[Task inputs Boundary: Start]
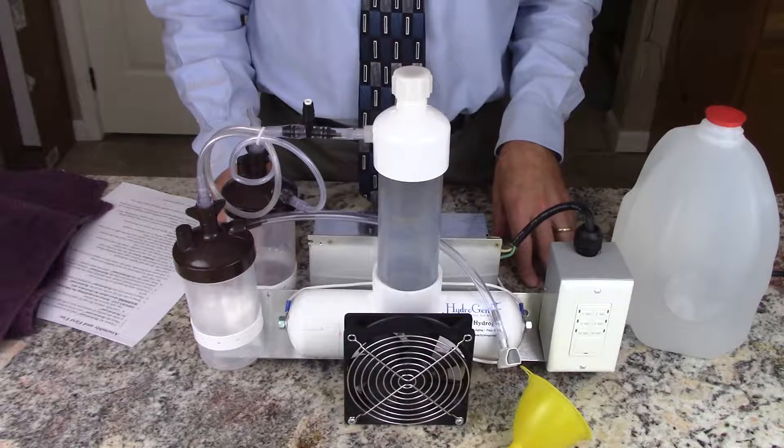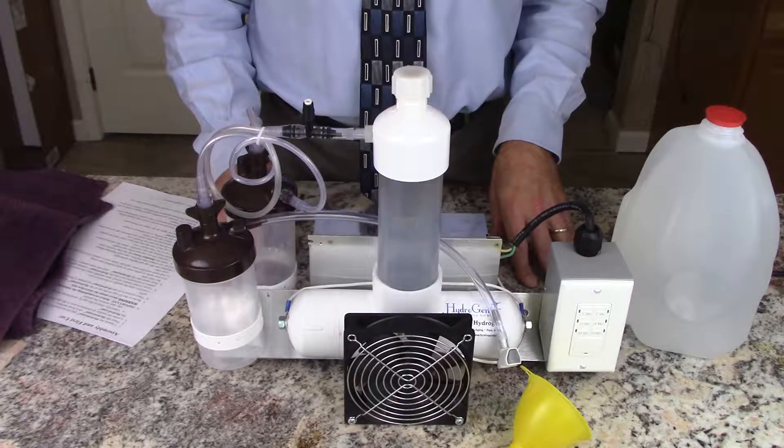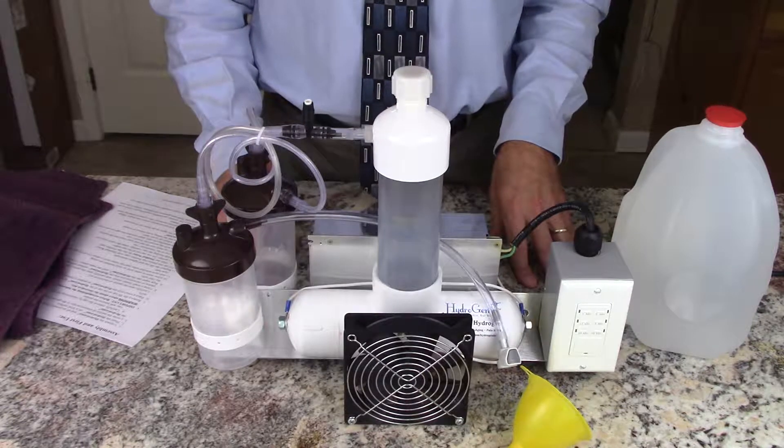In this video we're going to demonstrate the setup and initial operation of the HydroGene. After you've unpacked it and made sure there was no damage, gotten all the packing peanuts out of the way.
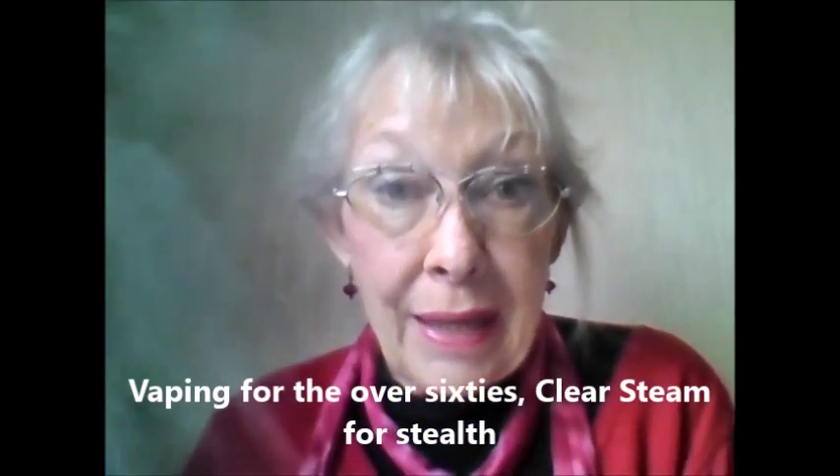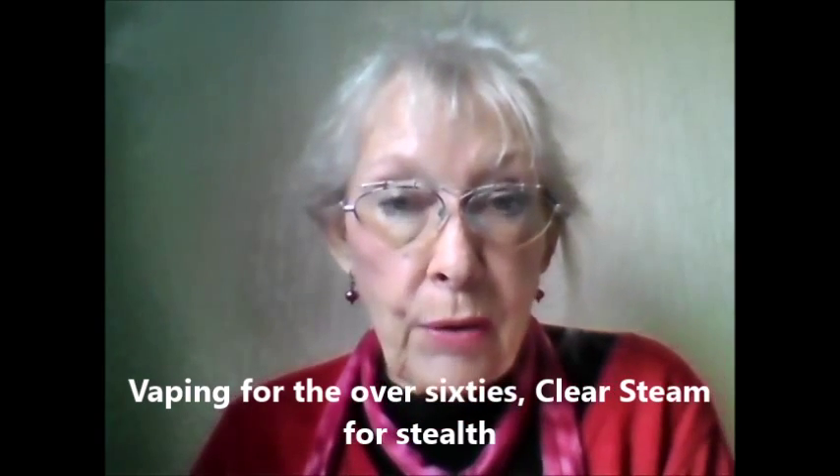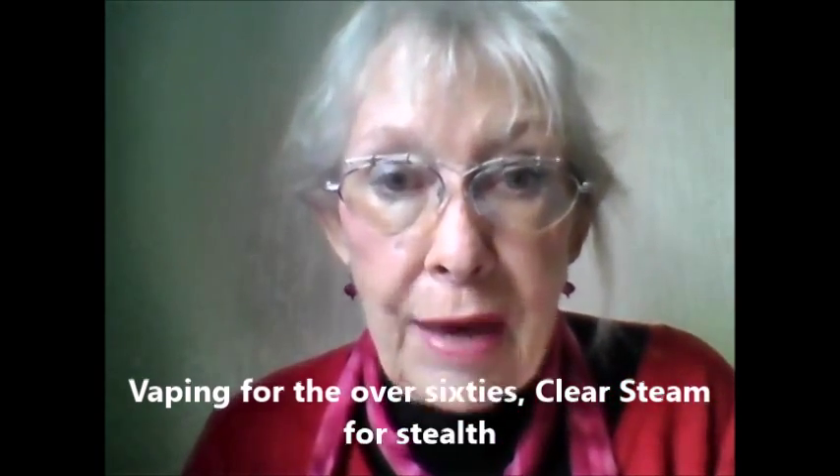Come vape with me. I'm going to do an experiment. I've often spoken about stealth vaping and I saw a newspaper report that there was a new vapor, a new e-liquid coming out called Clear Steam that doesn't emit vapor on the exhale — and really it's for stealth vaping or places where you cannot send out oodles and oodles of clouds of vapor. So I'm going to do an experiment.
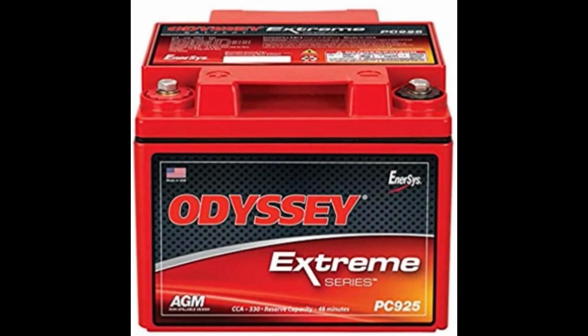This is episode 11 of It Just Has to Work, and in this episode I'm going to show you how to resurrect a completely flat battery. Now this particular Odyssey battery, the 925, was dead for at least six weeks.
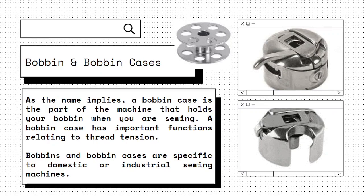Bobbins and bobbin cases are specific to domestic or industrial sewing machines. This is the picture of the bobbin, this is the picture of a domestic machine bobbin case, and this is the picture of an industrial machine bobbin case.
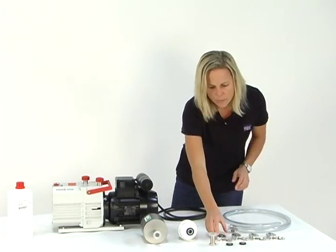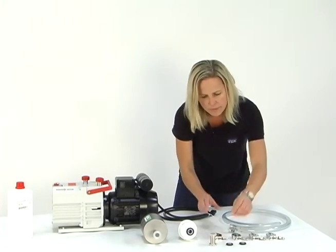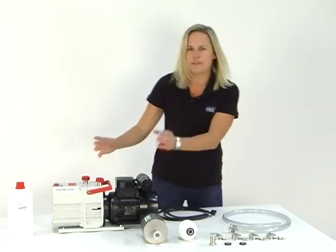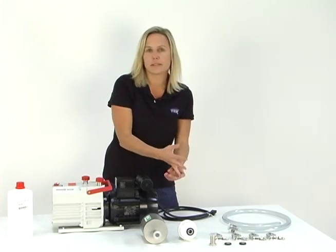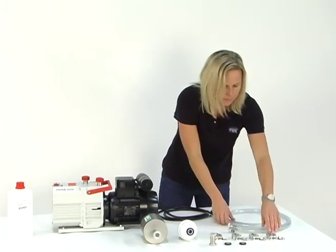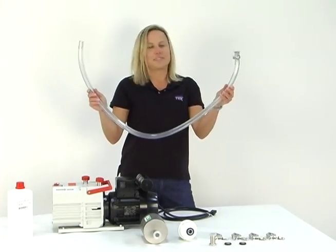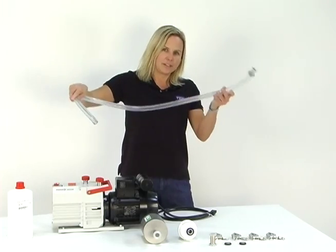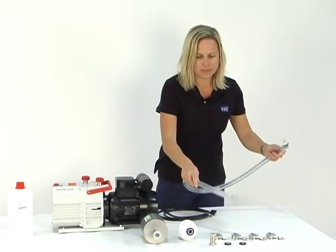These things here are what we call clamps and centering rings. These are used to affix the four-line trap and the mist eliminator to the pump, and I'll show you how to do that in a second. This is the vacuum hose — this connects to the pump and to the oven with these clamps and centering rings.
[Task inputs Boundary: End]
Exercise goal |
Leave every image out and retype the entries above word for word.

Task solution |
In this video we're going to demonstrate the setup and initial operation of the HydroGene. After you've unpacked it and made sure there was no damage, gotten all the packing peanuts out of the way.
Come vape with me. I'm going to do an experiment. I've often spoken about stealth vaping and I saw a newspaper report that there was a new vapor, a new e-liquid coming out called Clear Steam that doesn't emit vapor on the exhale — and really it's for stealth vaping or places where you cannot send out oodles and oodles of clouds of vapor. So I'm going to do an experiment.
This is episode 11 of It Just Has to Work, and in this episode I'm going to show you how to resurrect a completely flat battery. Now this particular Odyssey battery, the 925, was dead for at least six weeks.
Bobbins and bobbin cases are specific to domestic or industrial sewing machines. This is the picture of the bobbin, this is the picture of a domestic machine bobbin case, and this is the picture of an industrial machine bobbin case.
These things here are what we call clamps and centering rings. These are used to affix the four-line trap and the mist eliminator to the pump, and I'll show you how to do that in a second. This is the vacuum hose — this connects to the pump and to the oven with these clamps and centering rings.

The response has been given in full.